With a diesel you either have to modify the car or the fuel to run bio-fuel. With bio-diesel you are changing the fuel to work in a 99% unmodified engine. With a SVO/WVO system you are modifying the engine to work with simple fuels.


----------



## OntarioMan (Feb 11, 2007)

What model of vehicle do you drive now?


----------



## Batt (Sep 8, 2006)

treesonggal said:


> who collects used cooking oil from area restaurants for making his own fuel. He claims it now costs him 40 cents/gallon.


 That would have to be SVO/WVO as it would cost that much for filters. Actual bio-diesel would cost more because of the chemicals and processing equipment. If you had a diesel vehicle already you could maybe do the necessary conversion for $3-$400. You might try here:Bio-Diesel site Good Luck!


----------



## Jim-mi (May 15, 2002)

Good point Adron. The guy I'm hooked up with for our own WVO blend all of a sudden said "We gotta include all these filters, etc. etc. in the per gallon price" So we now are doing $1.10 per to pay for all the *stuff*.
I would bet a nickle that that 40 cents per is more bragging than real life.
Even so . . .thats a whole bunch better than current on road diesel.

Would somebody PLEASE tell me why on road diesel is so dang high. . . . . .?????????


----------



## greg273 (Aug 5, 2003)

Not counting processing equipment, or my time, strictly for materials I figure my biodiesel costs $.85 per gallon. Methanol and potassium hydroxide have risen in cost dramatically over the past few years.
If the oil feedstock wasnt free, I dont think I could rationalize making my own fuel, at least not from a cost-benefit angle.
As it is now, I am getting fuel for 1/3 or less than the cost of petrol diesel. 

But dont let anyone tell you that you need thousands of dollars worth of equipment to make good biodiesel. We started out using 5 gallon buckets and paint mixers. 
My current biodiesel setup involves two 55gallon drums, one for mixing, one for storage, an old electric water heater for heating oil in the winter, a few hand-cranked pumps, a few filters , and thats about it. Oh, and the nifty 60 gallon fully-draining inductor tank, $150 at Rural King, for fuel washing. Total cost, probably less than $400...


----------



## treesonggal (May 4, 2006)

We drive a 1997 Ford F150 pickup with a 5.2 engine.

In further asking my boyfriend about this he says he wants to make ethenol, not bio-diesel. Sorry for any confusion. Sometimes he's not too clear when speaking and I have to do the research, writing as he does not real beyond an eighth grade level. However, he is very mechanically inclined.
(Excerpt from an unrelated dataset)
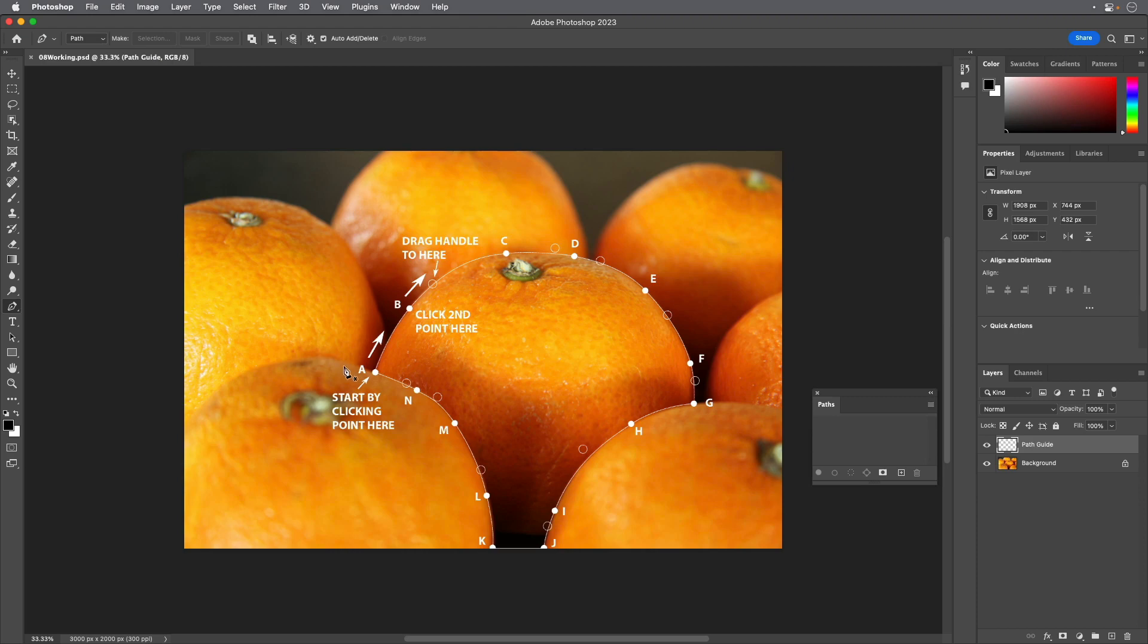With the Pen tool selected, click point A. A new temporary work path appears in the Paths panel.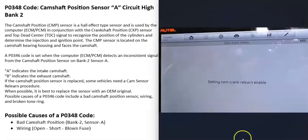One thing to note about camshaft position sensors is that when they are swapped out, some vehicles' computers need what's called a relearn procedure. This varies depending on the vehicle, manufacturer, and year. Sometimes you can swap out the sensor and the engine will just start up and run, but other times the engine won't start, or if it does start it'll run really badly — and that's often because the computer needs a relearn procedure.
So, guess the question is - is there anyone on this forum with experience making their own ethenol and running a vehicle on that?


----------



## WisJim (Jan 14, 2004)

duplicate post


----------



## WisJim (Jan 14, 2004)

And remember that you owe the government road tax on the fuel that you make that you use on public highways. They are cracking down on people who are making biodiesel or using SVO and are not paying the taxes.

Ethanol production involves a lot of other government regulations because the alcohol could be consumed.


----------



## Batt (Sep 8, 2006)

WisJim said:


> Ethanol production involves a lot of other government regulations because the alcohol could be consumed.


 Note: He said ETHANOL...don't even think about drinking Methanol as used to make bio-diesel. DRT...dead right there.


----------



## wy_white_wolf (Oct 14, 2004)

treesonggal said:


> We drive a 1997 Ford F150 pickup with a 5.2 engine.
> 
> In further asking my boyfriend about this he says he wants to make ethenol, not bio-diesel. Sorry for any confusion. Sometimes he's not too clear when speaking and I have to do the research, writing as he does not real beyond an eighth grade level. However, he is very mechanically inclined.
> 
> So, guess the question is - is there anyone on this forum with experience making their own ethenol and running a vehicle on that?


First you need to check and see if that ford is even flex fuel compatable. If not you may have to replace a bunch of rubber, and aluminum and then reprogram the computer. Even then you may have to mix in about 10 to 15% gasoline. 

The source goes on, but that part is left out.